Gujarat: ‘3 stepwells in and around Ahmedabad dilapidated’

The collective has documented 16 stepwells from Ahmedabad that are part of a week-long exhibition, “Stepwells of Ahmedabad — A Conversation on Water & Heritage” — which opened on World Water Day on March 22.

By: Express News Service | Ahmedabad | Updated: March 26, 2016 4:46 am
stepwell, ahmedabad stepwell, CEPT University, Stepwells of Ahmedabad, world water day, gujarat news Researchers and graduates from CEPT University have documented16 stepwells in and around Ahmedabad.
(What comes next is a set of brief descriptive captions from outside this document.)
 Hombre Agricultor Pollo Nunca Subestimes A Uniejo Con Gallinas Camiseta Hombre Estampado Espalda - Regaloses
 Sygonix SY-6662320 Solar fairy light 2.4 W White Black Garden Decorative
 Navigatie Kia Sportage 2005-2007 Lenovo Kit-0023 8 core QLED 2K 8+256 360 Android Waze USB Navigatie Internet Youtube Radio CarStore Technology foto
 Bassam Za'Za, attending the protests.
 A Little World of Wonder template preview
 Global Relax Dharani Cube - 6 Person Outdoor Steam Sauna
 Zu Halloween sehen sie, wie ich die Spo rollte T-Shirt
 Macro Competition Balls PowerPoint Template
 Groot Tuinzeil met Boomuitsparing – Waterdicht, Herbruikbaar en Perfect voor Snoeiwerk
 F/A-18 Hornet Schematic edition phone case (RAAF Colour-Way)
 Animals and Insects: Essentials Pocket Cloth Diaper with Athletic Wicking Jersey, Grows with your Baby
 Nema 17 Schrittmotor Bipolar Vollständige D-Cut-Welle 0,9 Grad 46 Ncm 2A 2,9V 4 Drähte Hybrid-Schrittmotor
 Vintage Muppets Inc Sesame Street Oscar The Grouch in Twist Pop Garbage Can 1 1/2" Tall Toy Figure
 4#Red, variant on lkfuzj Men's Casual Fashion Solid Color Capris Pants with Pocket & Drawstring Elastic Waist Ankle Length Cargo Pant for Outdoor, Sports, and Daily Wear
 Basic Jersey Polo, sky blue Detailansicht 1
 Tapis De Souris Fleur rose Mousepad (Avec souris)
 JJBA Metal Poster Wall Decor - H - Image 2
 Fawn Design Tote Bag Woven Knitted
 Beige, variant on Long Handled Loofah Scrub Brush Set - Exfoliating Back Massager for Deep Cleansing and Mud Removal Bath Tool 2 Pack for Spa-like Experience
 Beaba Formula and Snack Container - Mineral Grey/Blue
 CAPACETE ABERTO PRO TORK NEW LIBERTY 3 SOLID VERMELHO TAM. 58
A city-based collective of researchers and graduates from CEPT University have found that three of the 16 stepwells in and around Ahmedabad are unused, dilapidated and uncared for. The collective has documented 16 stepwells from Ahmedabad that are part of a week-long exhibition, “Stepwells of Ahmedabad — A Conversation on Water & Heritage” — which opened on World Water Day on March 22.

The collective, led by city-based architect Riyaz Tayyibji, saw heritage enthusiasts from the city document 16 stepwells in and around Ahmedabad in a bid to explore their present condition and issues of heritage in the larger context of the city. Surface water, ground water and settlement, gender and patronage, inhabitation and the living building, question of heritage were some of the facets studied by the researchers.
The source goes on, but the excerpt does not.